Fast forward: the company’s engineers now do their work on Azure and, according to Knoechel, they’re running four times more crash simulations and four times more software licenses with annual cloud expenditures of only about $1 million. And with Azure’s high availability and scalability – its “elasticity” – compute resources are delivered no matter the daily demand changes for HPC. The result, Knoechel said: “productivity has been unleashed.”

Knoechel pointed out other problems for automotive companies with on-prem resources. One is having data center managers on staff with expertise in running HPC-class infrastructures – they’re not easy to hire and retain. While that expertise is commonly found at the big automotive OEMs, it’s a growing problem among automotive component makers.

 

“More and more design work is being pushed down to the suppliers,” Knoechel said. “They have to be more innovative, they’re under pressure to deliver a better, lighter product, and time-to-market is a big challenge.” The result is that more automotive suppliers – some with as many as 5,000 cores – have flipped their infrastructures to the cloud.

Another problem for on-prem organizations: tech industry supply chain breakdowns delaying delivery of advanced servers with the latest components – the newest chips, power supplies, storage and memory drives. But because Azure is among the server OEM’s biggest customers, it’s at the head of the line for new server deliveries.
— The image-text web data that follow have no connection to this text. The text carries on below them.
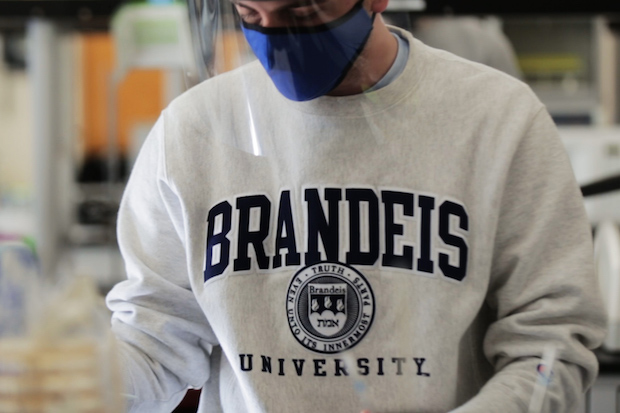 brandeis sweatshirt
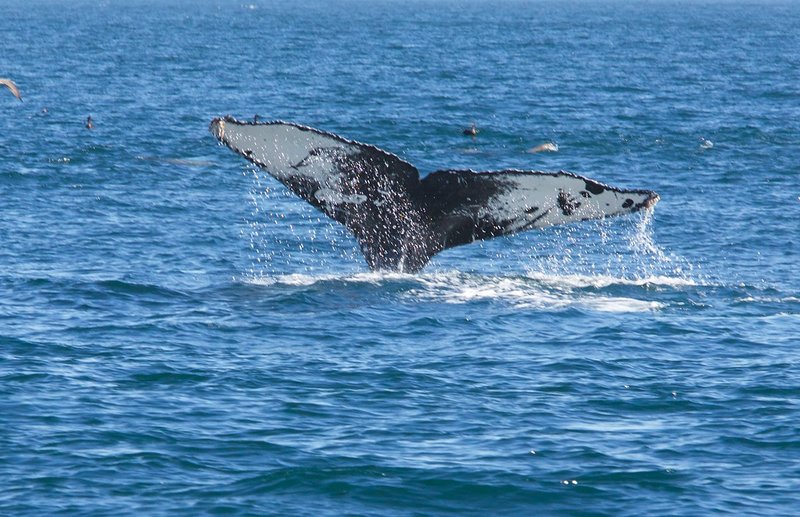 whale-flukes.jpg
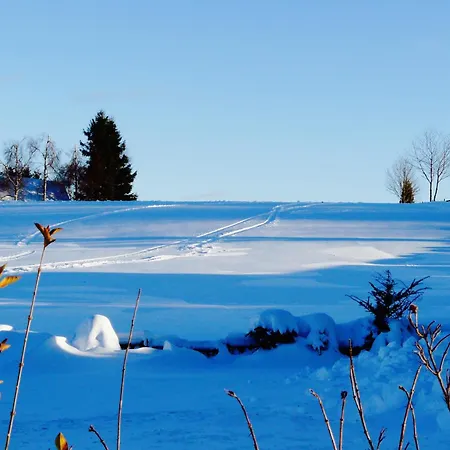 Landfein Big Nyaraló *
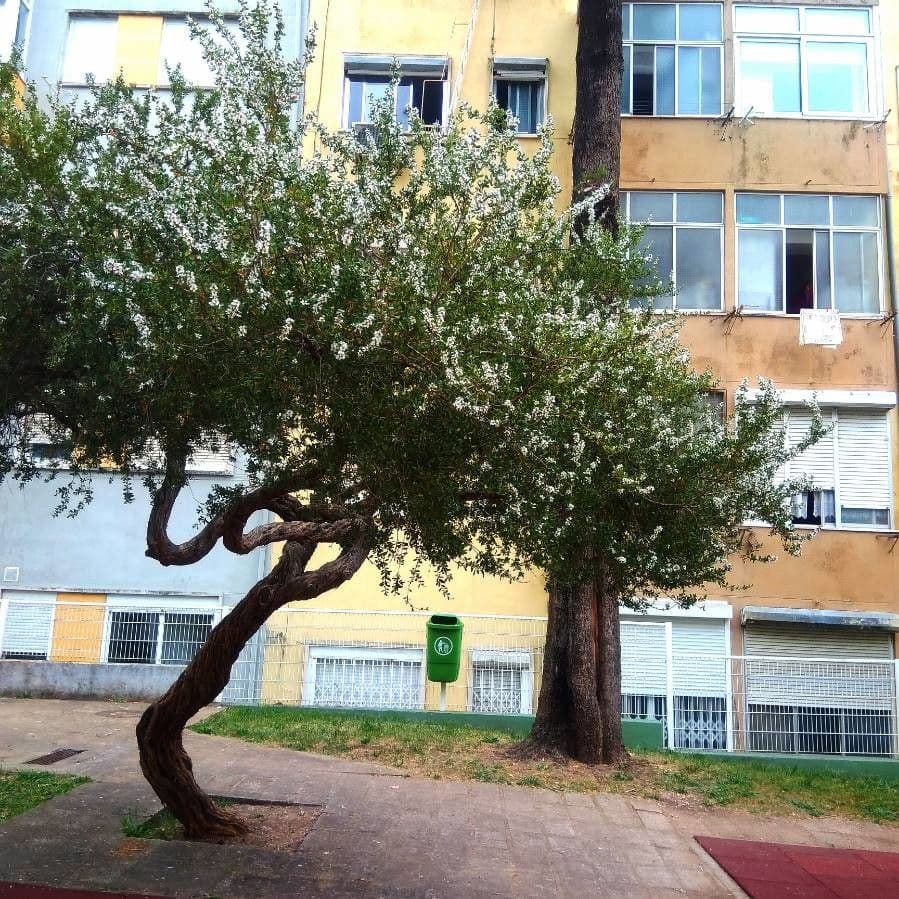 Leptospermum laevigatum 9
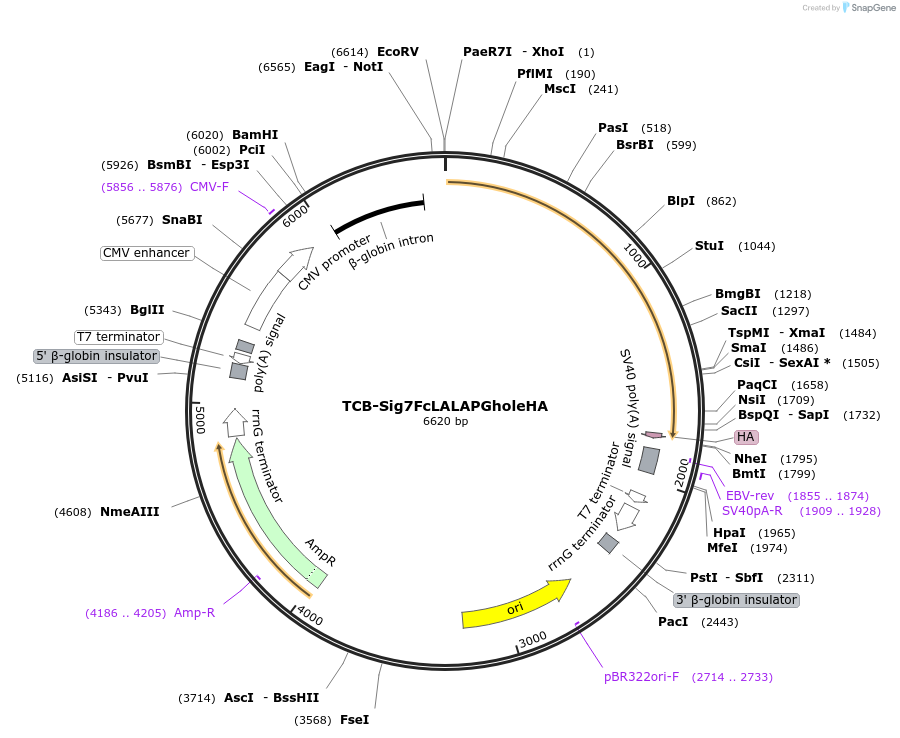 237366-plasmid-map-sequence-id-490152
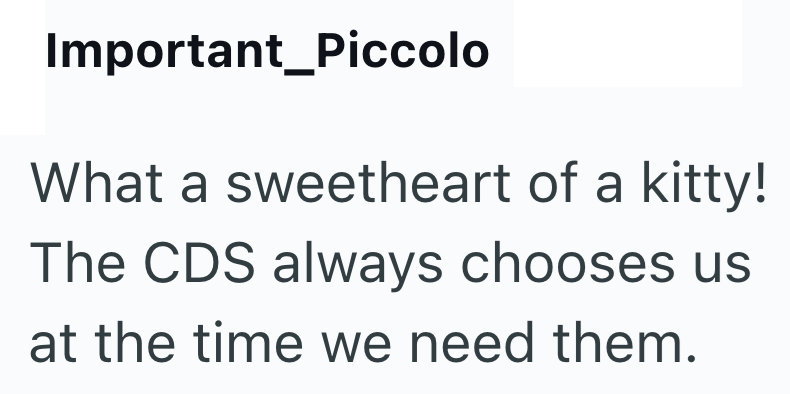 Important Piccolo What a sweetheart of a kitty! The CDS always chooses us at the time we need them.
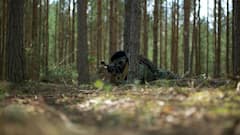 सीजफायर के बाद भी लड़ने लगें दो देश तो कहां होती है सुनवाई, कौन ले सकता है एक्शन?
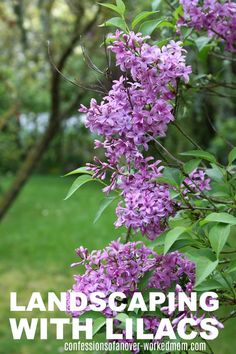 purple flowers blooming on the branches of a tree in a park, with green grass and trees in the background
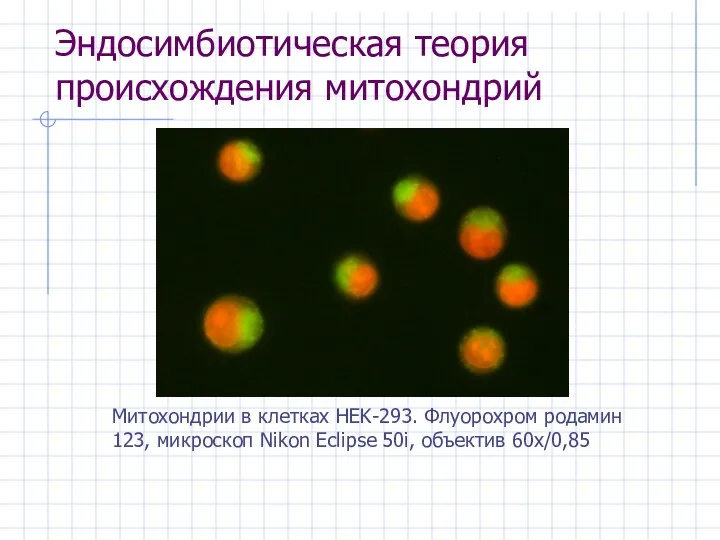 Эндосимбиотическая теория происхождения митохондрий Митохондрии в клетках HEK-293. Флуорохром родамин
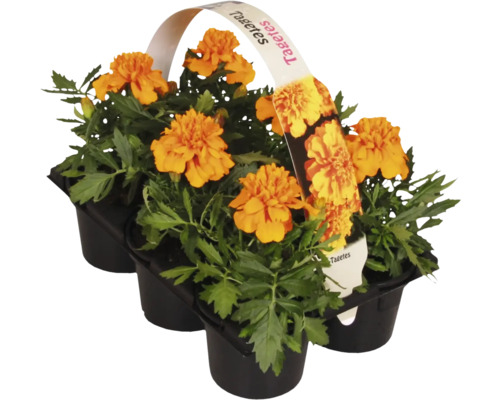 Tagetes i kruka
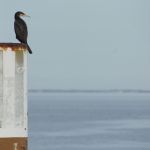 Komoran am Fähr-Hafen List Komoran am Fähr-Hafen List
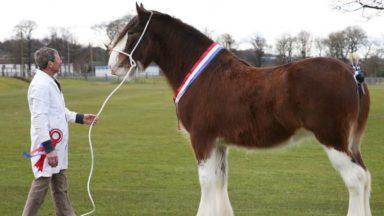 Clydesdale horses undergo embryo treatment to save breed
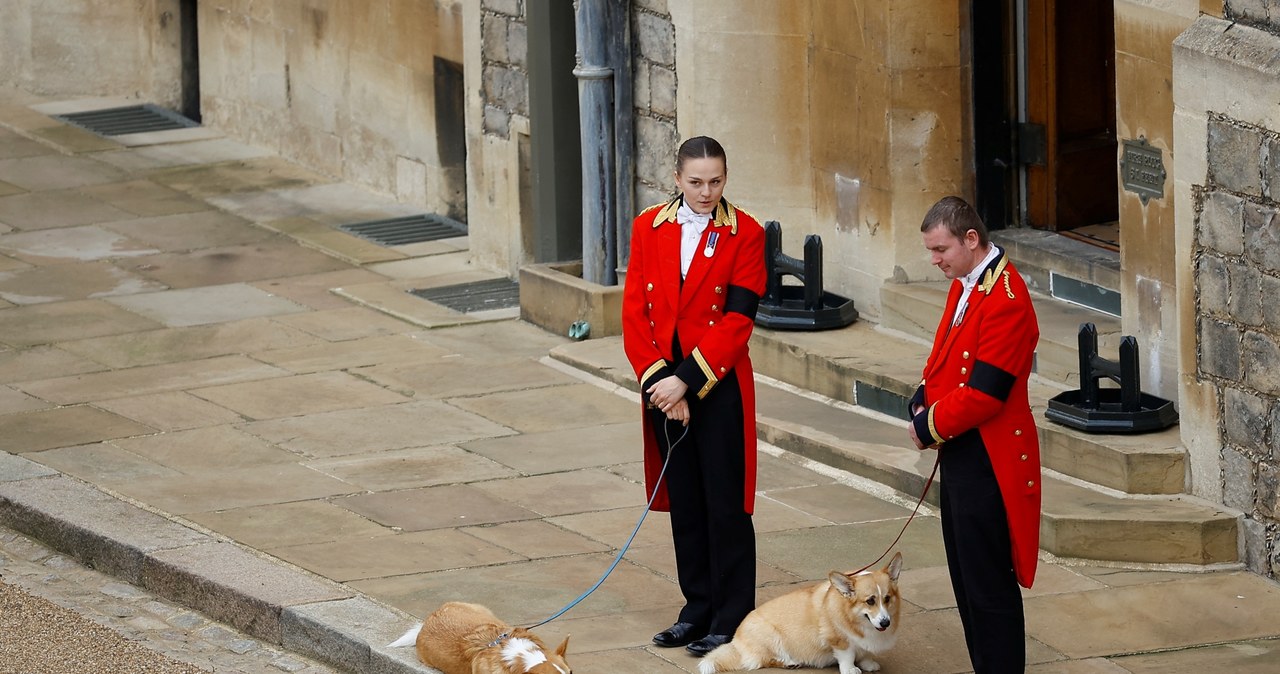 Ukochane Corgi królowej Elżbiety II /WPA Pool / Pool /Getty Images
“Azure is very quick to adopt our latest technologies,” Kerr said. “For example, they were the first in the cloud to adopt our 3rd Gen ‘Milan’ EPYC with AMD 3D-V Cache, they’ve been very good at picking up our products when they come out. On-prem hardware procurement cycles can be long, they may do a refresh every three to five years, requiring big bets by planning teams. But with Azure the refresh is constant, customers don’t have to make that big bet.”

In addition, Azure’s HPC team has created an on prem-like offering, reflecting the subtleties of users’ high performance computing needs. Beyond incorporation new, advanced technologies and the storage and deployment tools used in HPC, Azure also has a lightweight hypervisor for bare metal-like performance and was the first major cloud provider to offer Infiniband fabric – all backed by Azure’s HPC technical staff.

Last March, Microsoft announced the upgrade of Azure HBv3 virtual machines with EPYC 3rd Gen chips. He said Microsoft’s internal tests show the new HBv3-series delivers up to 80 percent higher performance for CFD, 60 percent for EDA RTL (right-to-left), 50 percent higher performance for explicit finite element analysis and 19 percent for weather simulation. Much of that improvement is attributed to the 3D-V Cache in the new EPYC processors. In practical terms, an almost 80 percent runtime improvement on a 140 million-cell ANSYS Fluent CFD model means you can run two jobs in the time it took to do one.

Kerr and Knoechel added that an automotive OEM customer is seeing similar performance boosts running full-vehicle Ansys LS Dyna crash simulations with 20 to 30 million-plus elements. Those runs used to run 30 hours, now they take 10.

“If you’re in charge of safety for any major global automotive,” Knoechel said, “you’d better be paying attention to that.”